The required output is a number: how many lines of the data below include the string "Motorola".
___ Dataset entries ___
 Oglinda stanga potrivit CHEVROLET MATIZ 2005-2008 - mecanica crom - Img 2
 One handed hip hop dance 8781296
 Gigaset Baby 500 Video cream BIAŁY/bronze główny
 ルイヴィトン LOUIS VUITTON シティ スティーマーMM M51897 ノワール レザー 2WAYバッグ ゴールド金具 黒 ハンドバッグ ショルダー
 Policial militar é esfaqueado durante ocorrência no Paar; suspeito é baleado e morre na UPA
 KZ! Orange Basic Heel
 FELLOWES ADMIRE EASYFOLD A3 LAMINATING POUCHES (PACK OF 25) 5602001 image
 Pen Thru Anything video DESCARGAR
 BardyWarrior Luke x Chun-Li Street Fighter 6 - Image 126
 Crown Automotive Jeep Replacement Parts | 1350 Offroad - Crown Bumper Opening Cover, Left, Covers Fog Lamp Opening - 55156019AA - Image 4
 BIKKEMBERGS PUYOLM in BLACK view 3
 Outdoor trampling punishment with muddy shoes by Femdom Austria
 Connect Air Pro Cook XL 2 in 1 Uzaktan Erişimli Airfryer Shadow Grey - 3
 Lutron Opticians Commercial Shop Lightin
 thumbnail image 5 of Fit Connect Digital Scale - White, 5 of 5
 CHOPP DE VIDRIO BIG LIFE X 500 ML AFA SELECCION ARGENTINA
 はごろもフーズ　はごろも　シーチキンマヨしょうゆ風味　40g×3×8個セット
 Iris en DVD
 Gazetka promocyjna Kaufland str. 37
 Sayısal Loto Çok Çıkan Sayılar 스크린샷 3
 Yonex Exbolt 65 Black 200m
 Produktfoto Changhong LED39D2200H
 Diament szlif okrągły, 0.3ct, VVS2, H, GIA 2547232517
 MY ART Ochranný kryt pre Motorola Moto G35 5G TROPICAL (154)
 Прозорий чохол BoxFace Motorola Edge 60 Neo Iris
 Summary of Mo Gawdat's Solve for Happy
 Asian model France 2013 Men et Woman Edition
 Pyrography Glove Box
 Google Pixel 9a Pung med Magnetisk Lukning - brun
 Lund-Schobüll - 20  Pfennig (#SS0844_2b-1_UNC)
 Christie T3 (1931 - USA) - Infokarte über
___
Your solution: 2